**Problem description**
Within the records below, reproduce without change the lines from the line that has "Blue Flower Ornate" through the line that has "Multipresa 6 Posti", and only those.

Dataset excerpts
━━━━━━━━

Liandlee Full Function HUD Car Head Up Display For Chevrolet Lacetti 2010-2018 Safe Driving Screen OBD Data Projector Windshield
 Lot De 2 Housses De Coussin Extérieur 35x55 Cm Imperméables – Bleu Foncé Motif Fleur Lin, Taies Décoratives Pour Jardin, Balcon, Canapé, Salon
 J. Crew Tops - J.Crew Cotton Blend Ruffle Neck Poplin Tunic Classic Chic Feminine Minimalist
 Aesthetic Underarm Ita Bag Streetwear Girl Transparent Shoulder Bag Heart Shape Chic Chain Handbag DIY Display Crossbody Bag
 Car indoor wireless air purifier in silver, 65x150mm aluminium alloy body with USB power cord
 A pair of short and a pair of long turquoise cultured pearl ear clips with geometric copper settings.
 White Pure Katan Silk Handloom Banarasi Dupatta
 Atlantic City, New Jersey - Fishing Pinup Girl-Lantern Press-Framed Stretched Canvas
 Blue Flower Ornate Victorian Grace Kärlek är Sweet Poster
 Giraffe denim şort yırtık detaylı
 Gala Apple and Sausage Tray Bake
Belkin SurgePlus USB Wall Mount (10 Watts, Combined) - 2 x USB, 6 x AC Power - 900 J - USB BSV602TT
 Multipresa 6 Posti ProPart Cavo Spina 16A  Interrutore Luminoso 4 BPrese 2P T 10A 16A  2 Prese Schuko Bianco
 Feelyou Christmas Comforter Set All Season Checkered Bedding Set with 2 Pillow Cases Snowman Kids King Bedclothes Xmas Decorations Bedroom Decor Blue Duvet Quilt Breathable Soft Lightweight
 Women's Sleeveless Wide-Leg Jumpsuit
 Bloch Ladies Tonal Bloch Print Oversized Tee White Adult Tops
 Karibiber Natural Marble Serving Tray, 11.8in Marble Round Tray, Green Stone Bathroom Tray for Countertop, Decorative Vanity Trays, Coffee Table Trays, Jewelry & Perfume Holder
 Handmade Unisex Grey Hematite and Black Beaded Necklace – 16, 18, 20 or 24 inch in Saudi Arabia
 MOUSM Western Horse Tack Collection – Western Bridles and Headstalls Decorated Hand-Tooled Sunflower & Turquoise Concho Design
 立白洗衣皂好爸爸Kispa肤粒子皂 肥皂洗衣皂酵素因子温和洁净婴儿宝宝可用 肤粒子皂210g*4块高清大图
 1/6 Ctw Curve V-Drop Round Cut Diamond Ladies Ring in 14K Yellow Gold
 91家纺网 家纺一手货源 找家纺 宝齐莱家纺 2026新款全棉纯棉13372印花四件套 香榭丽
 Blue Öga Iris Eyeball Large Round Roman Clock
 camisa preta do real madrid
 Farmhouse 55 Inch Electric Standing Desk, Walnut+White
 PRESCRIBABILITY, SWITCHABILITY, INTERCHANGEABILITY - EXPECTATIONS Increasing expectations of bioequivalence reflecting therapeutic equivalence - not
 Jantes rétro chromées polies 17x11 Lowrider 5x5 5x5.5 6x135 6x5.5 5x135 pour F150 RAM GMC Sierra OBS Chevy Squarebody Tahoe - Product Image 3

━━━━━━━━

**Answer to this task**
 Blue Flower Ornate Victorian Grace Kärlek är Sweet Poster
 Giraffe denim şort yırtık detaylı
 Gala Apple and Sausage Tray Bake
Belkin SurgePlus USB Wall Mount (10 Watts, Combined) - 2 x USB, 6 x AC Power - 900 J - USB BSV602TT
 Multipresa 6 Posti ProPart Cavo Spina 16A  Interrutore Luminoso 4 BPrese 2P T 10A 16A  2 Prese Schuko Bianco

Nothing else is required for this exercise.